Standing in her black silk underwear, surrounded by a crowd of onlookers and journalists, she gave a press conference to denounce the studio and urge people not to see its new film, So Ends Our Night (1940), a wartime melodrama from which the one scene that she appeared in had been cut. "My scene was the sexiest in their motion picture. I was the girl who lived for love, and I proved it to Fredric March. I gave my everything to that picture, and they cut me out. It was the first big part I ever had in a picture -- and blooey. They didn't ruin me, they threw me away. That is no way to treat a girl."(5)
The crowd cheered, and the humiliated producers rushed out of the building, threw an overcoat over her shoulders and hustled her inside for negotiations.
It was bunk, of course, but most newspapers were happy to simply print the story and give So Ends Our Night priceless front-page publicity in return for a reasonable excuse to print pictures of a half-naked lady. A syndicated gossip columnist called Paul Harrison smelled a story, however, and followed Gerta and the producers inside, where he witnessed their negotiations. “They played it straight," he observed. "The actress said the role was important to her career, and that the executives had assured her the part had been admirably played. Mr Lewin said that was true, but they were going to have to chop out a lot because the film was about three hours long. She insisted. He hedged. She threatened to resume her picketing. And he capitulated."(6)

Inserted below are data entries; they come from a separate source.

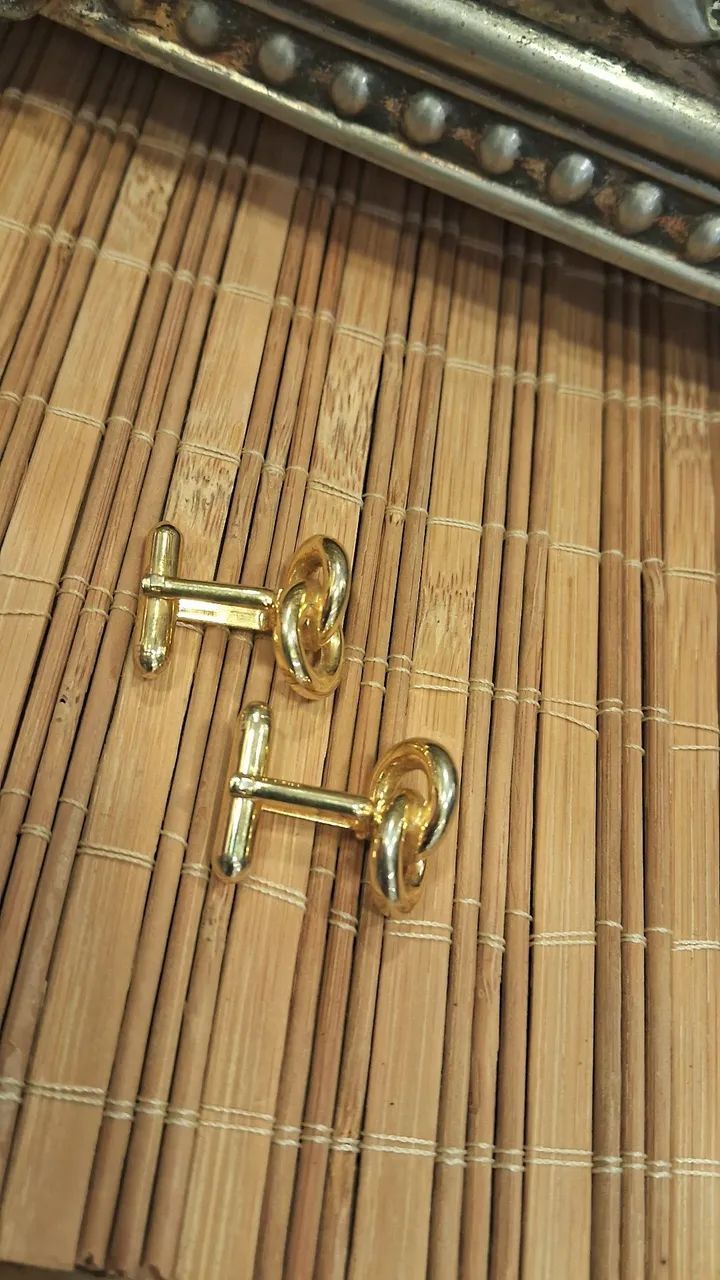 Antigas abotoaduras masculinas douradas, com um design de nó clássico. - Foto 2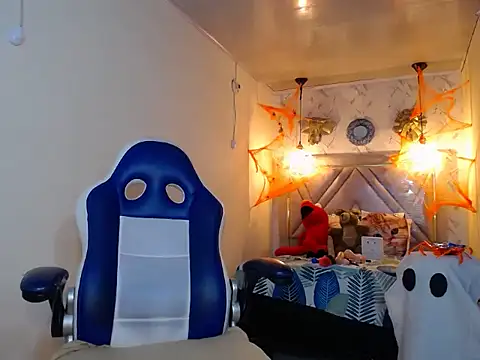 alexa-cooper- online show from 10-18-25, 02:40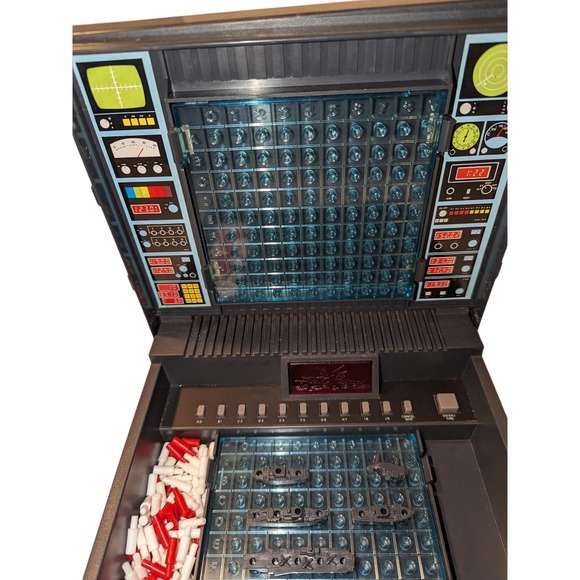 Vintage 1987 Radio Shack's Electronic Sea Battle Cat 60-2193 100% Complete - Picture 4 of 9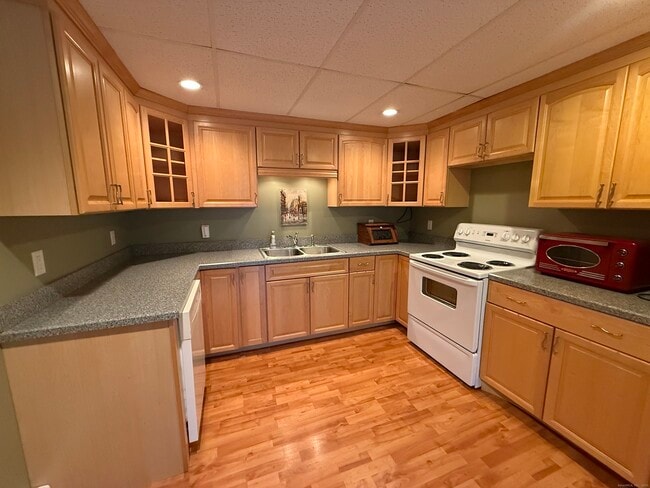 Photo - 36 Rock Brook Rd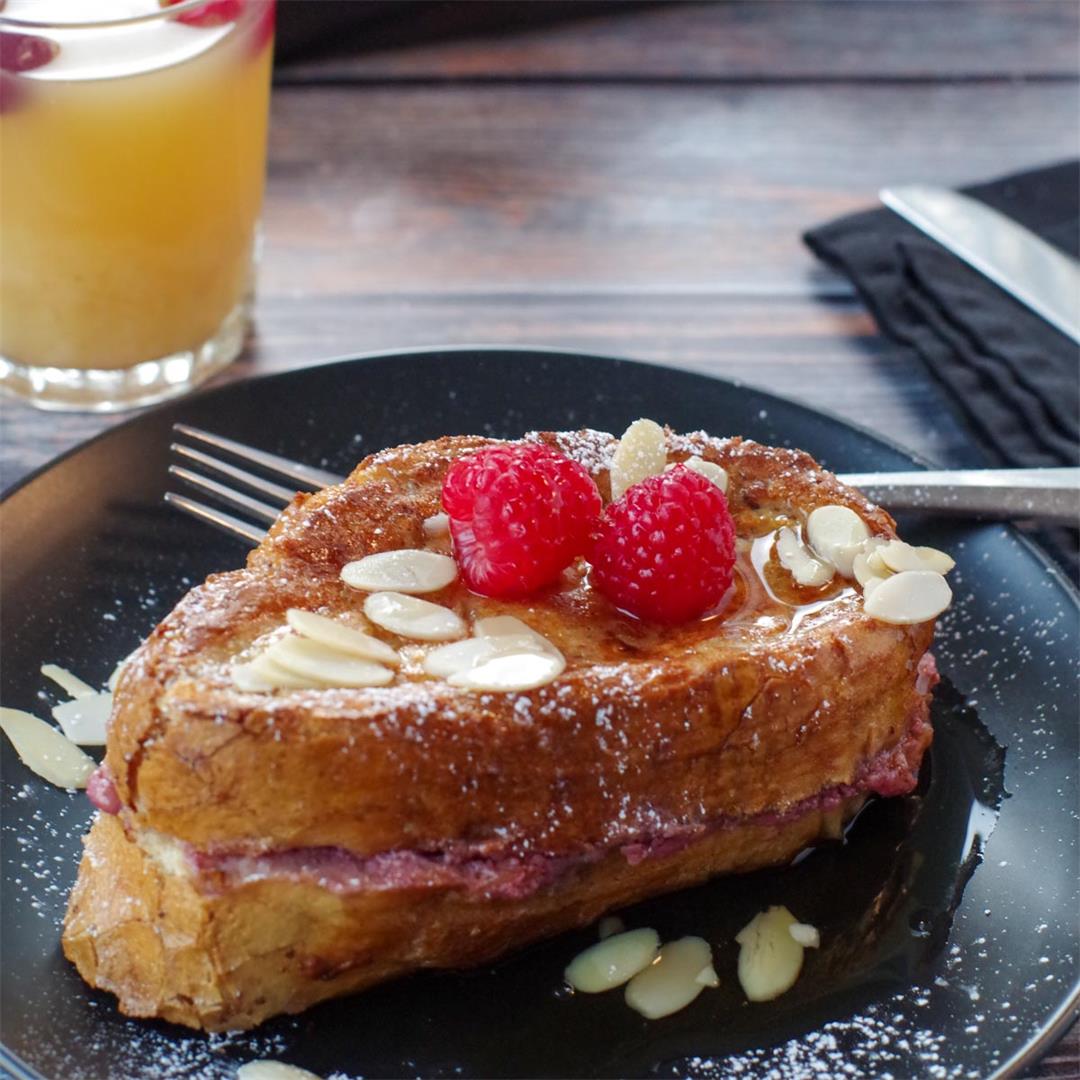 French Toast Sandwiches (with raspberry cream)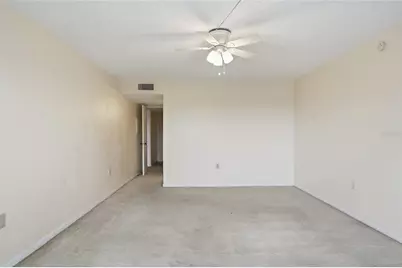 4900 38th Way S #404, Saint Petersburg, FL 33711 - Photo 11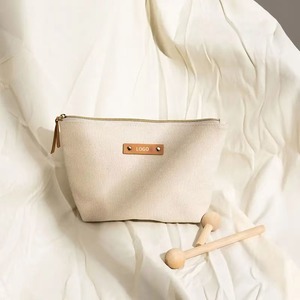 Elegante Borsa Cosmetica Impermeabile <span class=keywords><strong>da</strong></span> <span class=keywords><strong>Viaggio</strong></span> per <span class=keywords><strong>Donna</strong></span>, Pochette Naturale con Nappe in Seta e Motivo a Lettere - Product Image 6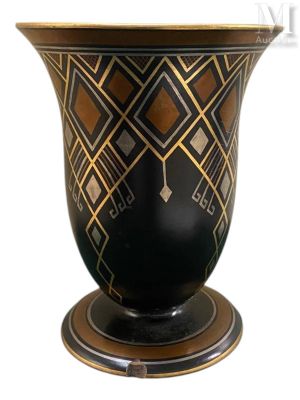 un vase noir orné d'un motif noir et doré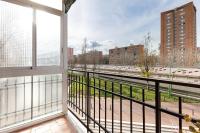 Besos · Bright apartment close to congress & port - B&B Sant Adrià de Besòs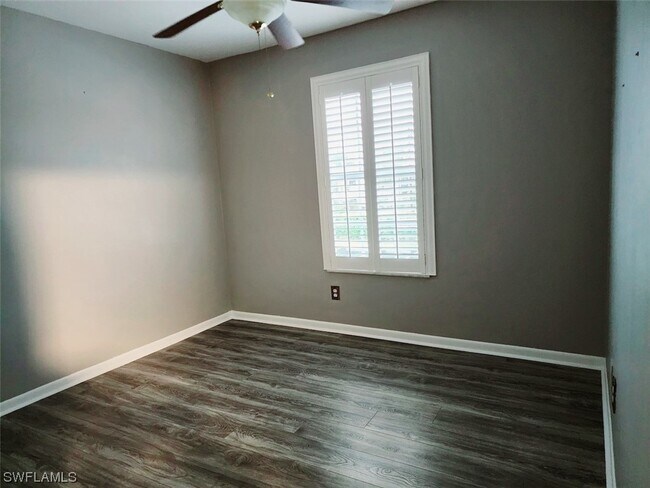 Building Photo - 6127 Lakefront Dr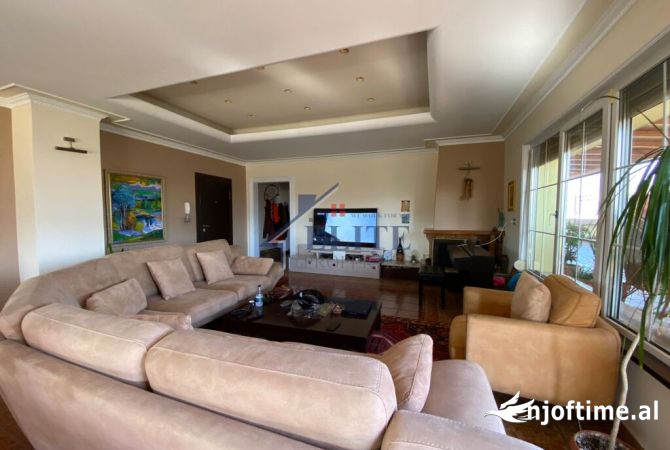 Shtepi me qera 3+1 ne Tirane - 2,000 Euro
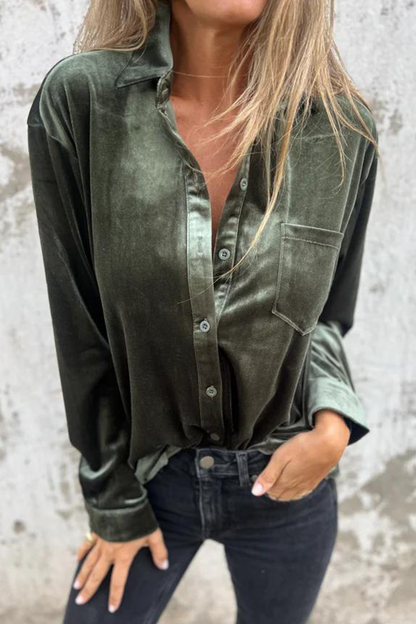 Beautifully Crafted Blouse in a Classic Style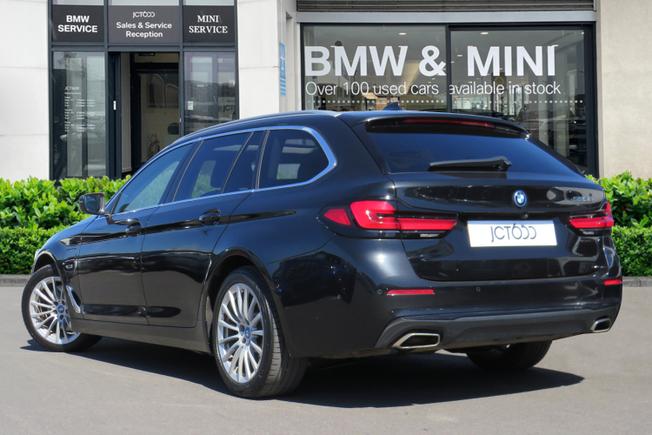 BMW 5 Series Photo 2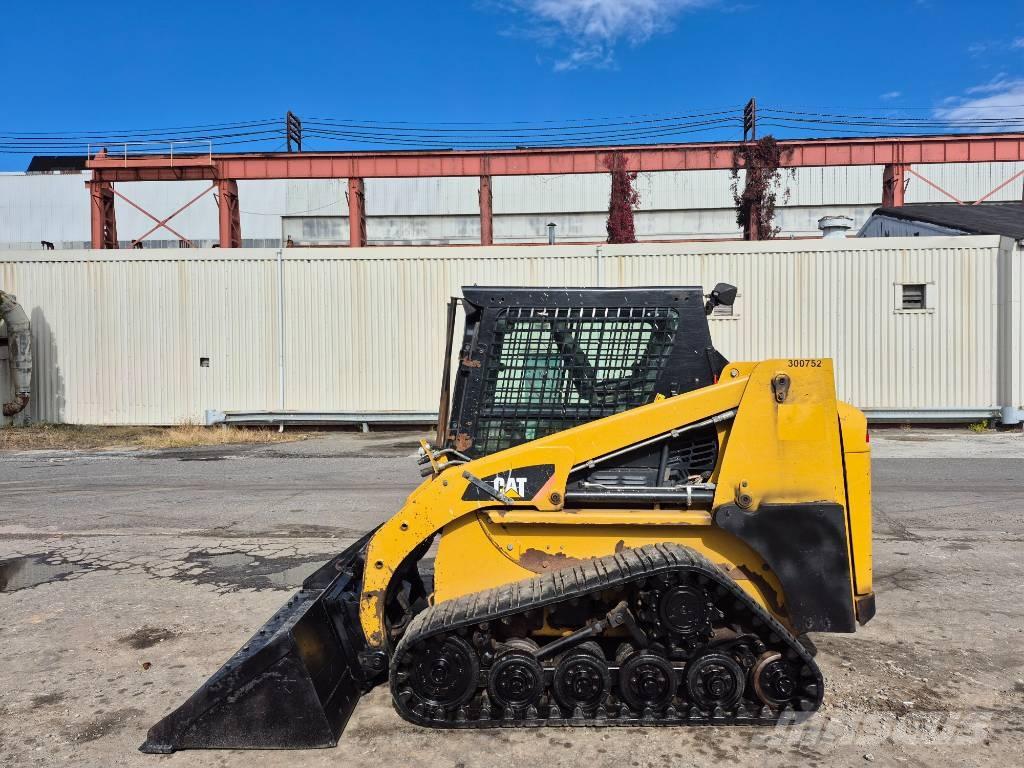 CAT 247 B 3 Minicargadoras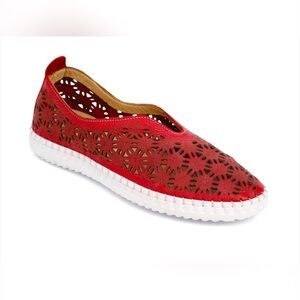 Sz41 | BUENO: Daisy Leather Women's Slip-On | BNIB | Red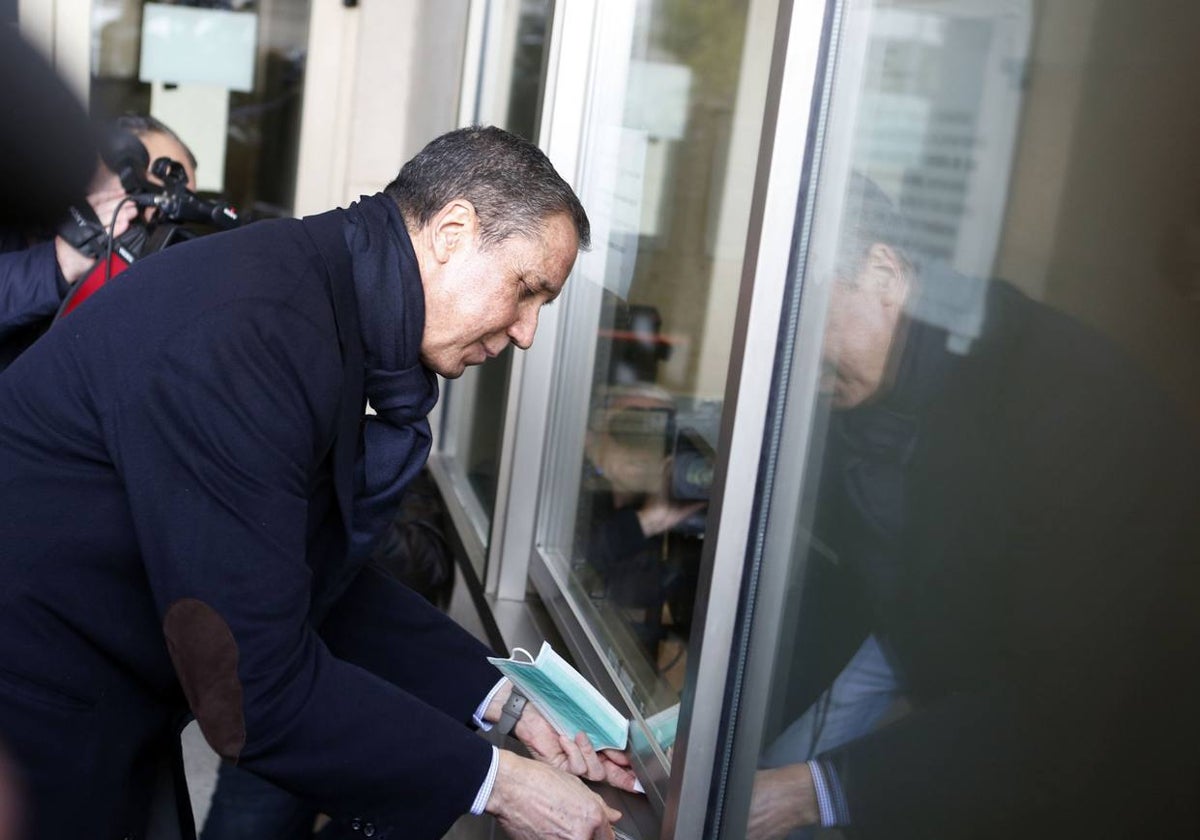 El expresidente Zaplana, en el juzgado de guardia de Valencia.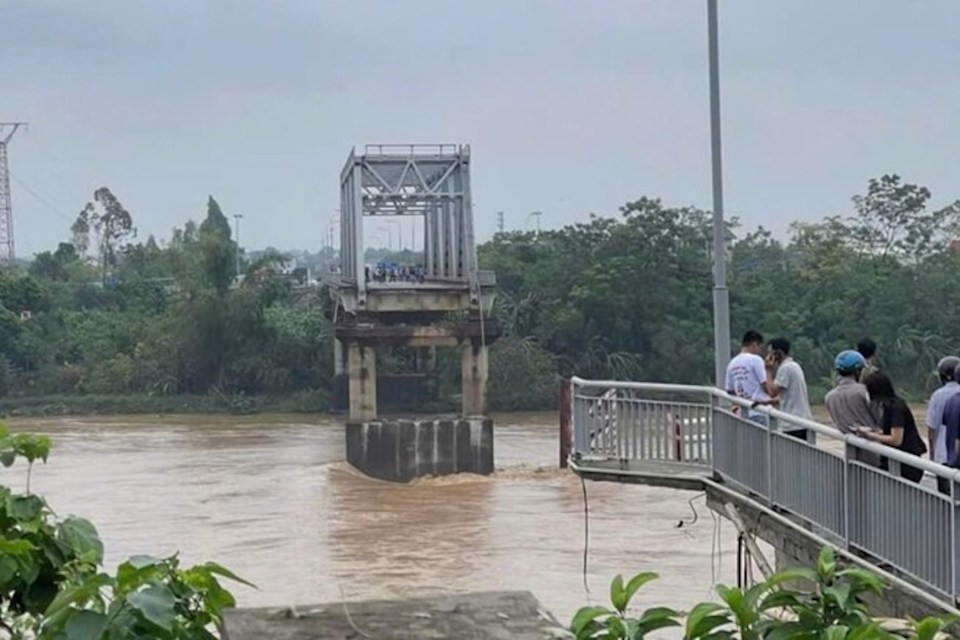 Hiện trường sự cố sập cầu Phong Châu tại tỉnh Phú Thọ vào sáng 9/9.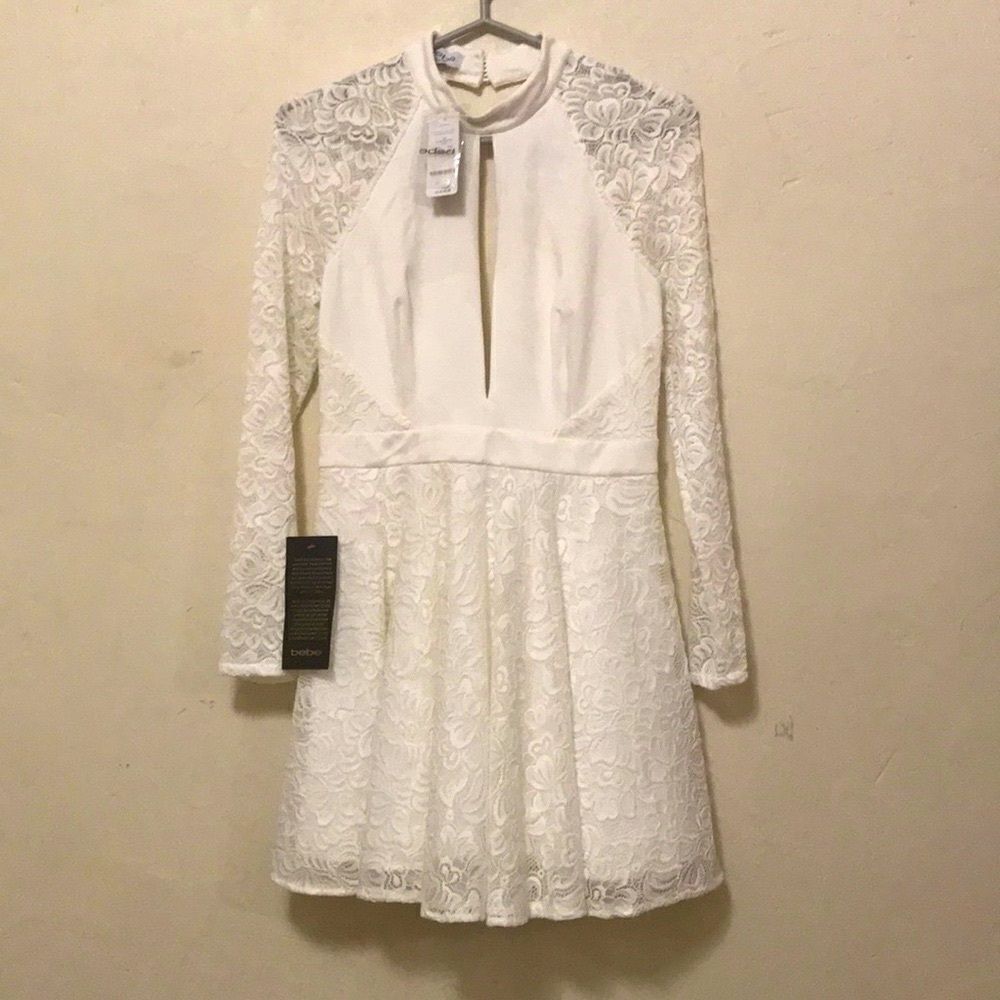 Bebe crème  long sleeve open back lace mini summer dress new w tags size medium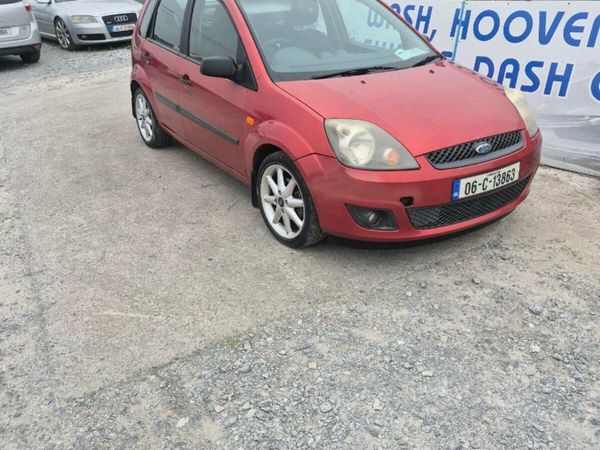 Ford Fiesta Hatchback, Petrol, 2006, Red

Gerta’s scene was reinstated (if it was ever really cut), and here she is, the girl who lived for love:
She sidles up to Fredric March suggestively. She knows she can have him -- she's obviously had him before -- but, tonight, he’s too busy dwelling on the awfulness of life to notice her, so she turns the light off and removes her sweater. March is appalled at her inappropriate behaviour – can’t she see he’s brooding?
He storms off into the night, ending a scene that, not to be unfair to Gerta, the audience could have lived without.
After witnessing Gerta's “negotiations” with the producers, Harrison hung around while she got dressed and then took her aside to interview her for his column. She told Harrison how she loved acting so much she’d run away from home. She told him how she’d laughed in Hitler’s face, how she’d mocked Nazi storm troopers and how, when she’d fled Germany, she’d been determined to make it to Hollywood because what she’d told those soldiers was true: she really had always wanted to be in pictures.
It was obvious that the striptease picket had been a set-up, but Harrison was rather taken with Gerta: "her eyes are large and blue ... her generous mouth is made for smiling [and] her face can mirror a lot of emotion." His overall impression? "Miss Rozan has spunk," he wrote. "And a sense of humor. She also has what it takes to fill out a set of silk scanties". Physical attributes aside, he concluded: "I guess she's a pretty good actress."
Perhaps she was; we have no way of knowing. Not long after her appearance as a corpse in The Panther’s Claw, she quit Hollywood and headed for the east coast. Around the end of the 1940s, she appeared in a supporting role in a Broadway play that closed in under a week, and that’s the last trace of her before she dropped out of sight altogether.
Sources -- (1)All early biographical information from Paul Harrison's column in Hope Star, AS, Dec 4, 1940; (2) and (3)Winnipeg Free Press, Nov 28 1940; (4)Las Cruces Sun-News, Dec 2, 1940; (5)Zanesville Signal, Nov 28, 1940; (6)Hope Star, AS, Dec 4, 1940.